- [The problem]: Once you reach the line with "Interesting plush toys" below, copy each line exactly, stopping after the line with "Whimsical Pastel Wildflower Sweet 16 Servet", and skip any pictures.

- [Material shown]:
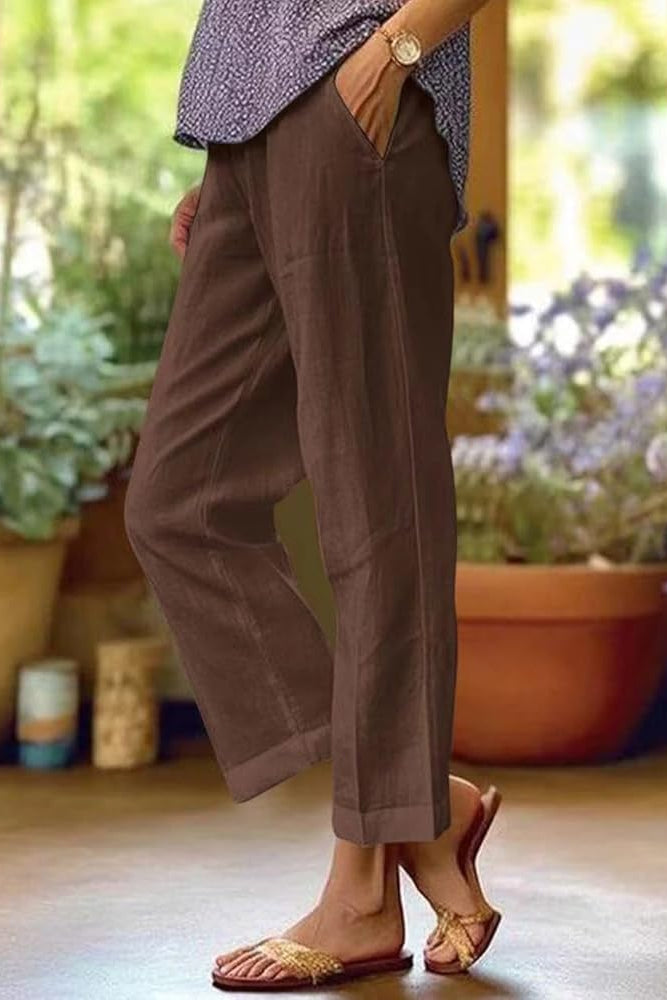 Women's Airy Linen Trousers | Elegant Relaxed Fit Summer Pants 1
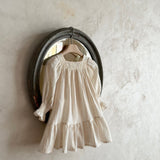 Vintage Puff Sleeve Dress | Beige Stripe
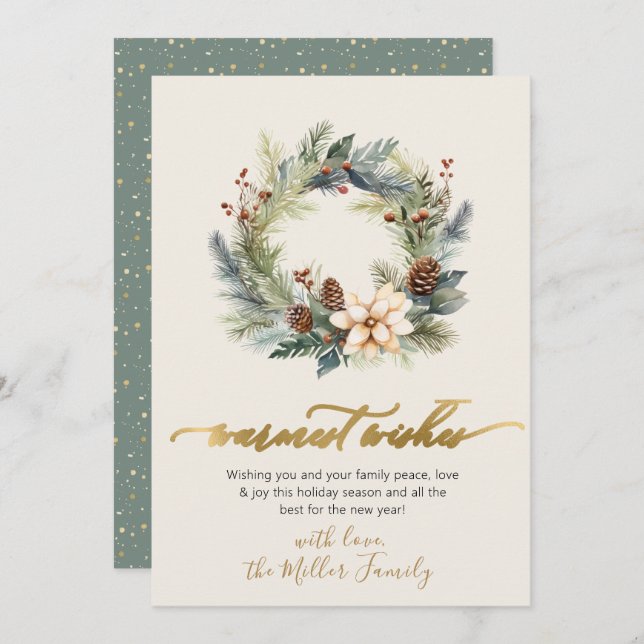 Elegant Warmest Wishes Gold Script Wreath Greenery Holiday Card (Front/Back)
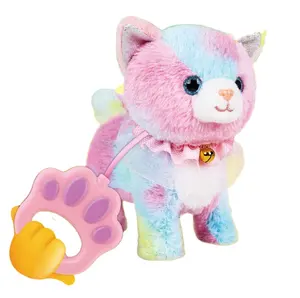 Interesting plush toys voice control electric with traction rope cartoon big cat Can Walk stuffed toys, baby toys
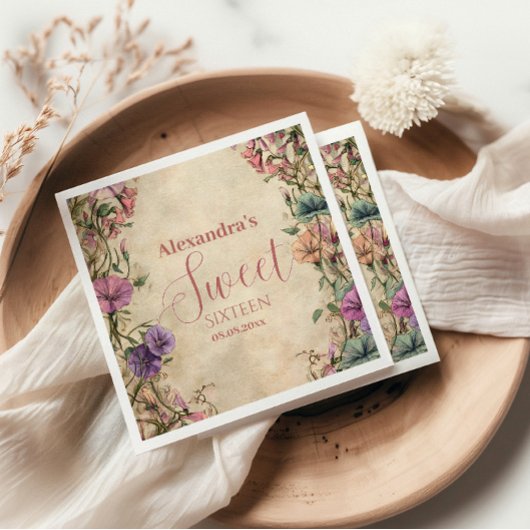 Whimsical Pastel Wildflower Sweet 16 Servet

--

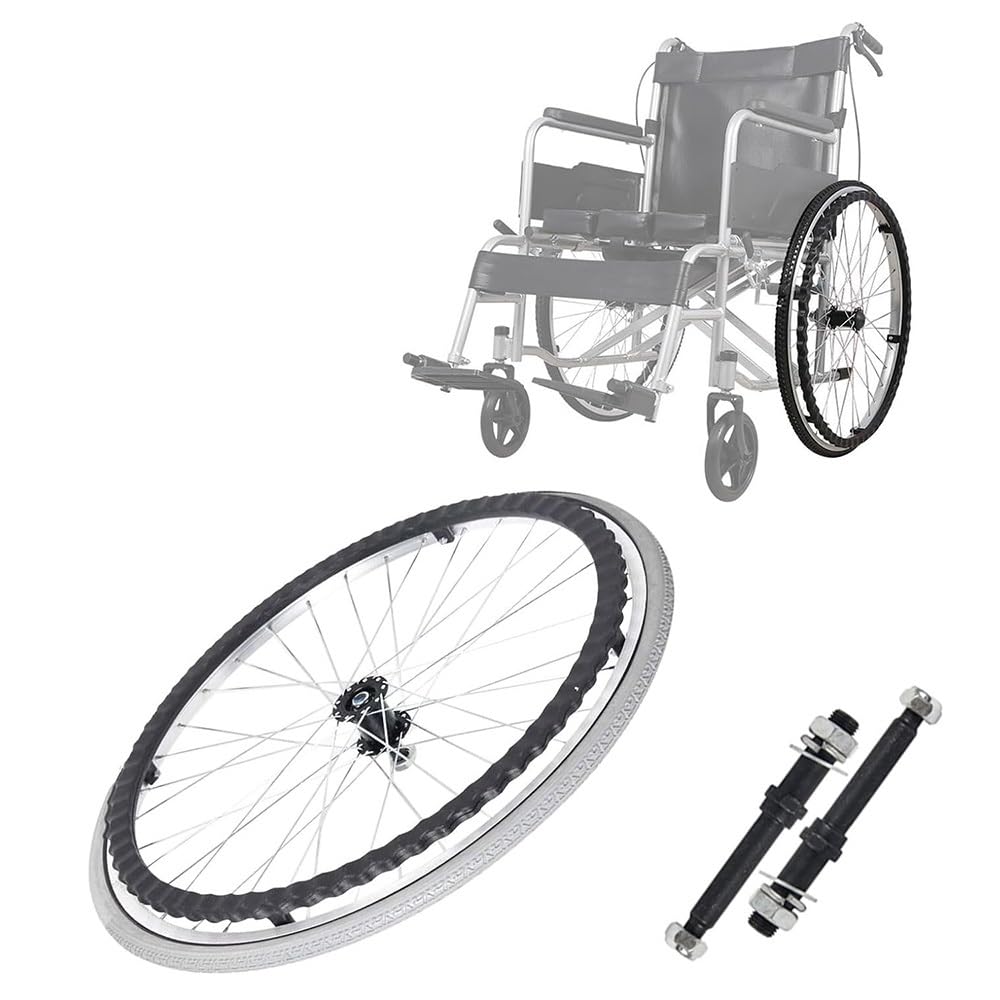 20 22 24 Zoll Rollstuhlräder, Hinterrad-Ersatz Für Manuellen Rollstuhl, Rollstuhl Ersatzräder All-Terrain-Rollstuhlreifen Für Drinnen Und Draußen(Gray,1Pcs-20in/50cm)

...

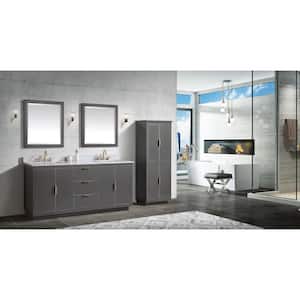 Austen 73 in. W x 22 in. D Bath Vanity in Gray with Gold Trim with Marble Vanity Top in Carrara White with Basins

- [Exercise result]:
 Interesting plush toys voice control electric with traction rope cartoon big cat Can Walk stuffed toys, baby toys
 Whimsical Pastel Wildflower Sweet 16 Servet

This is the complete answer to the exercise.